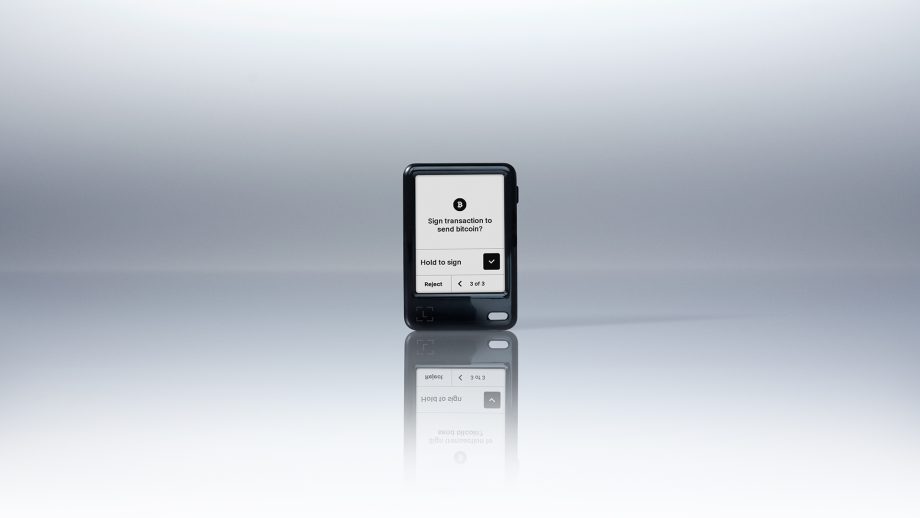 Der Ledger Nano Gen5 mit einem Bildschirm zeigt eine Aufforderung zur Unterzeichnung einer Transaktion an, mit Aktionstasten und einem minimalen, reflektierenden Hintergrund.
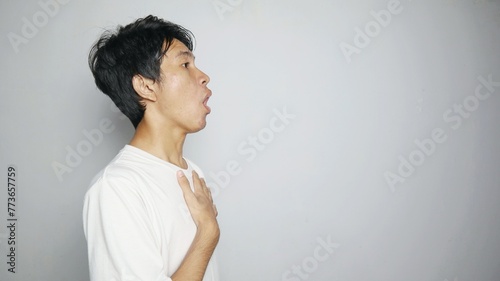 Side view of young Asian man in shock while holding his chest on an isolated white background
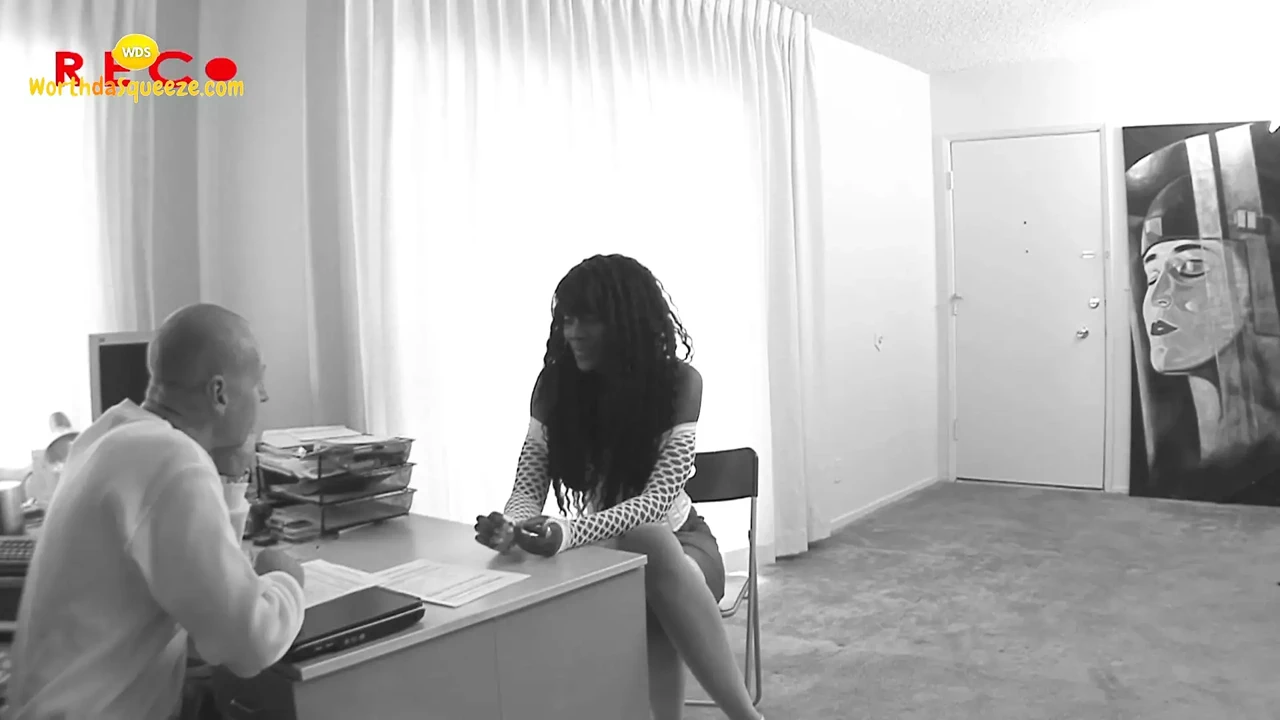 Slim ebony comes to office and kneels on desk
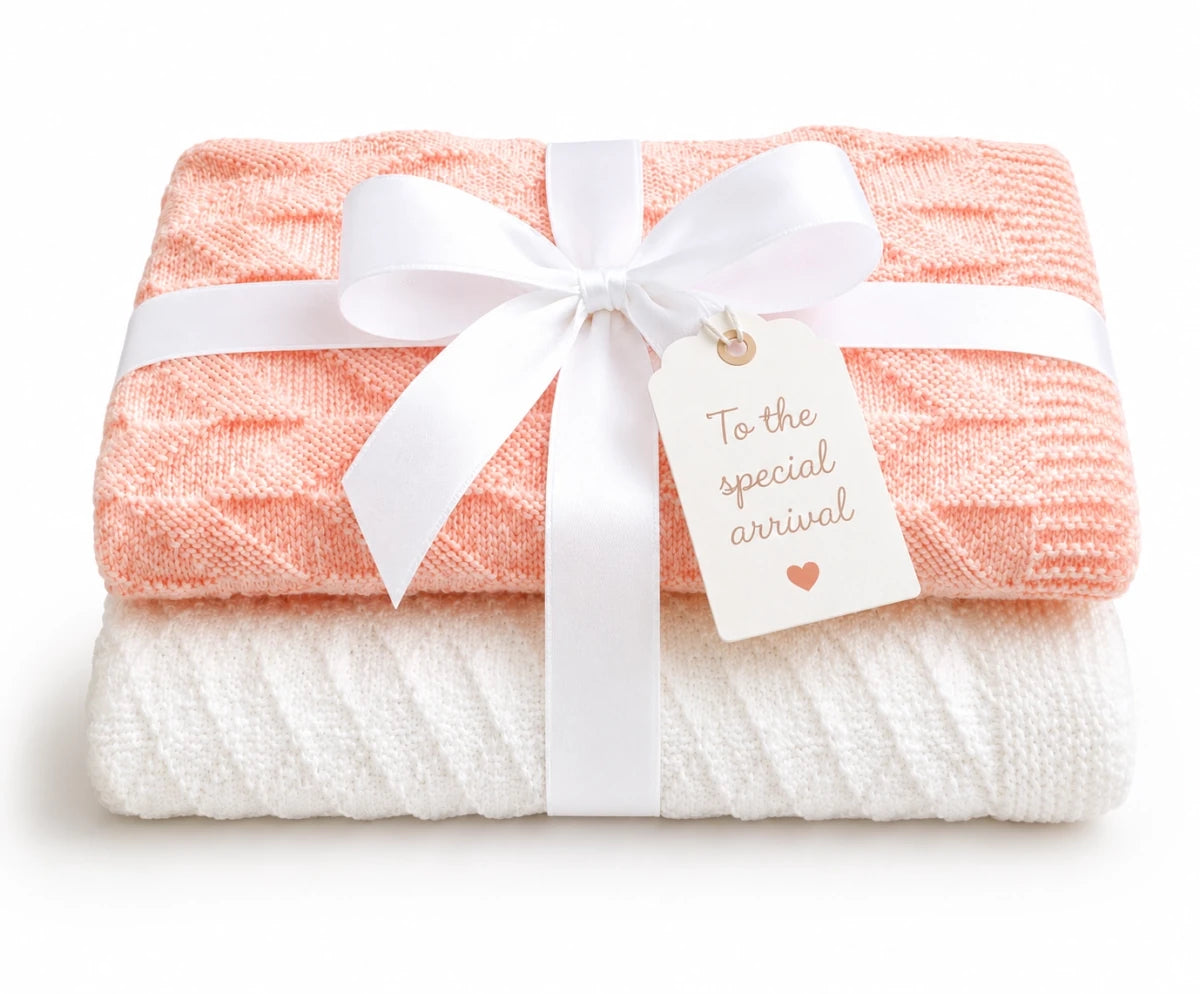 Gift-wrapped Criss Cross and Parallel Lines baby blanket knitting pattern bundle with white ribbon and a special arrival gift tag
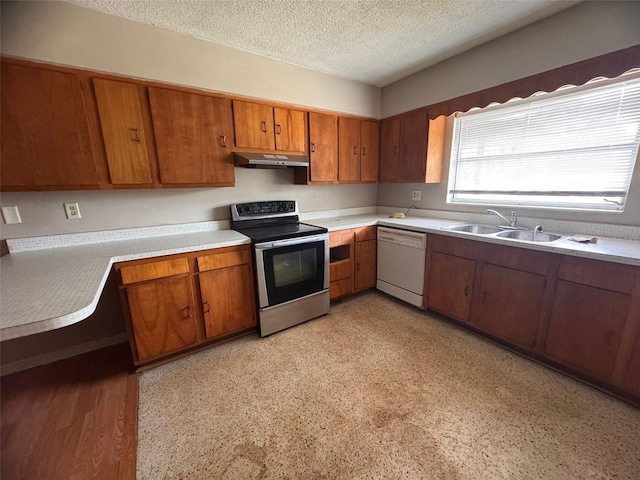 kitchen with a textured ceiling, white dishwasher, stainless steel electric range oven, and sink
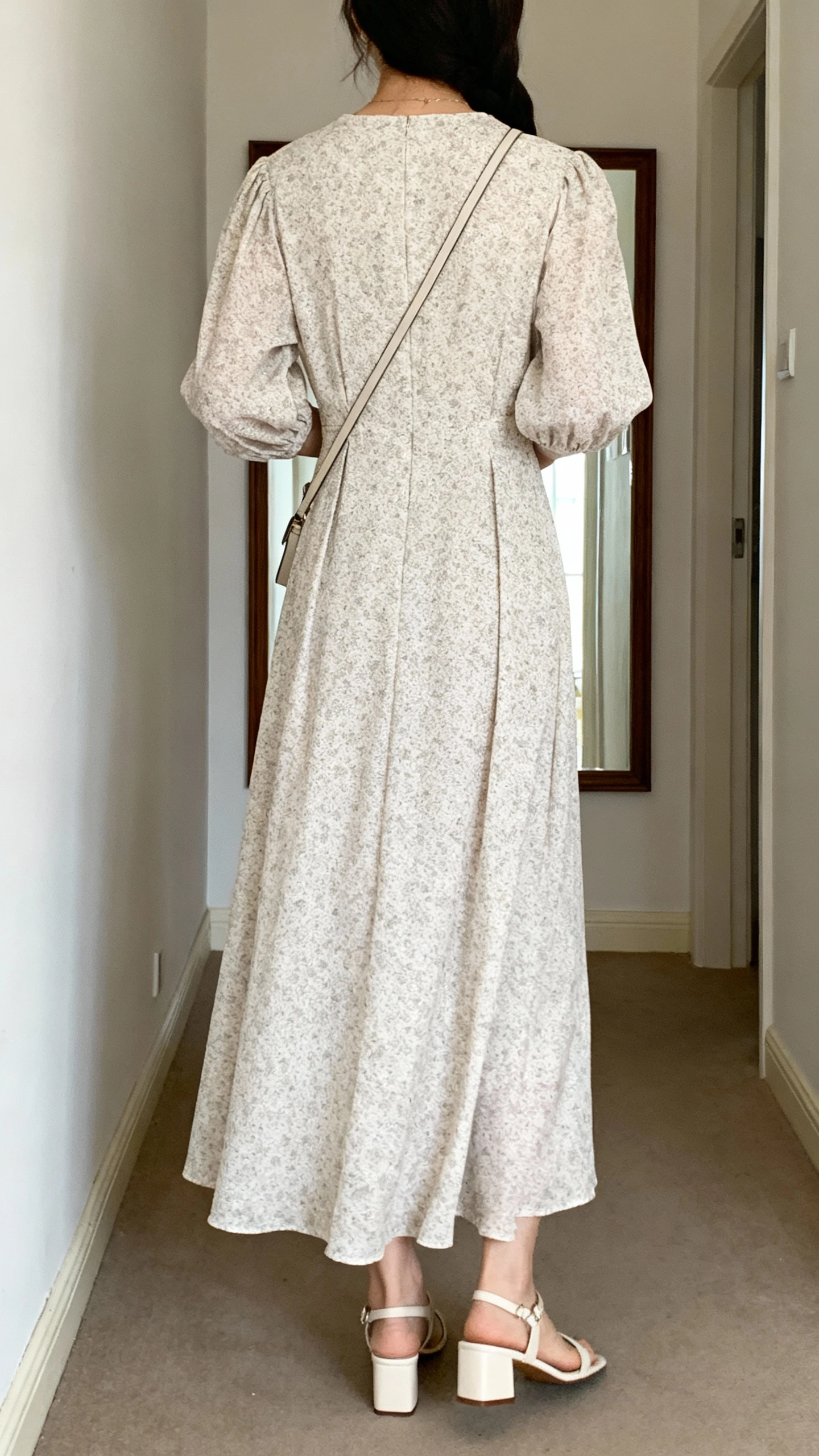 iPhone back view of a woman wearing a refined maxi dress with sleeves and a subtle print, styled with simple block-heel sandals and a slim crossbody, face not visible, hallway mirror, natural daylight, iPhone photo quality.
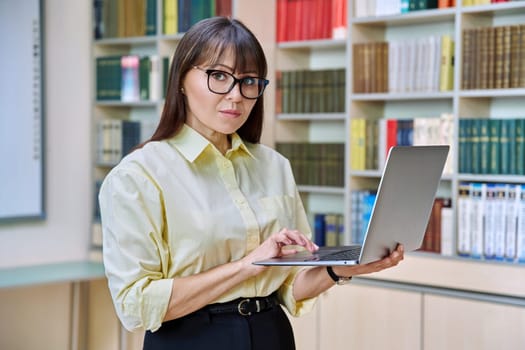 Middle aged elegant woman using laptop computer inside library. Confident serious elegant business female looking at camera teacher mentor professor leader manager psychologist counselor social worker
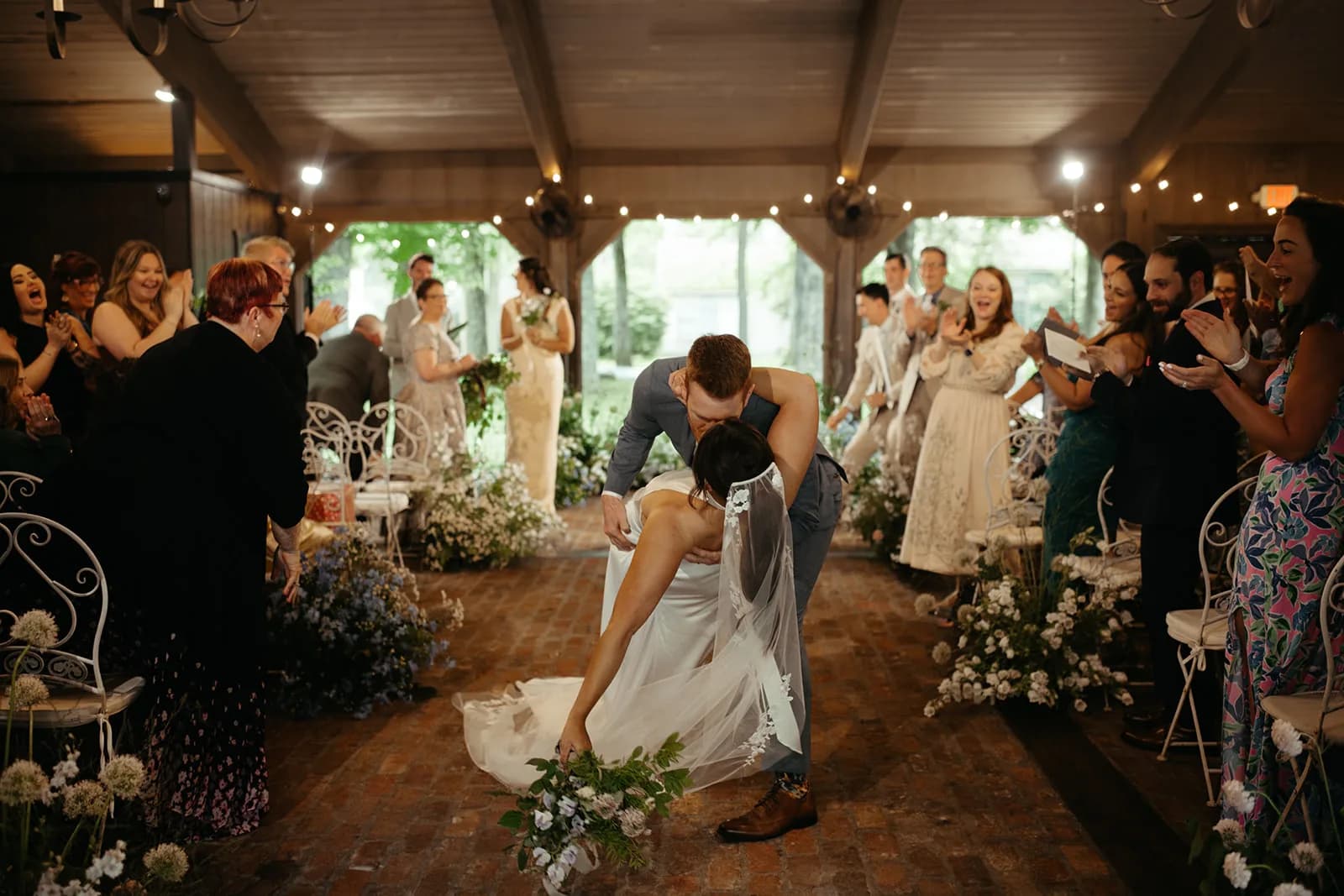 Evan dips Shayna in a kiss mid-aisle as guests applaud, her bouquet swinging low past white allium at the chair legs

## [Problem statement]
Would you set down the records exactly, with no pictures included?

## [Response below]
 Der Ledger Nano Gen5 mit einem Bildschirm zeigt eine Aufforderung zur Unterzeichnung einer Transaktion an, mit Aktionstasten und einem minimalen, reflektierenden Hintergrund.
 Side view of young Asian man in shock while holding his chest on an isolated white background
 Slim ebony comes to office and kneels on desk
 Gift-wrapped Criss Cross and Parallel Lines baby blanket knitting pattern bundle with white ribbon and a special arrival gift tag
 kitchen with a textured ceiling, white dishwasher, stainless steel electric range oven, and sink
 iPhone back view of a woman wearing a refined maxi dress with sleeves and a subtle print, styled with simple block-heel sandals and a slim crossbody, face not visible, hallway mirror, natural daylight, iPhone photo quality.
 Middle aged elegant woman using laptop computer inside library. Confident serious elegant business female looking at camera teacher mentor professor leader manager psychologist counselor social worker
 Evan dips Shayna in a kiss mid-aisle as guests applaud, her bouquet swinging low past white allium at the chair legs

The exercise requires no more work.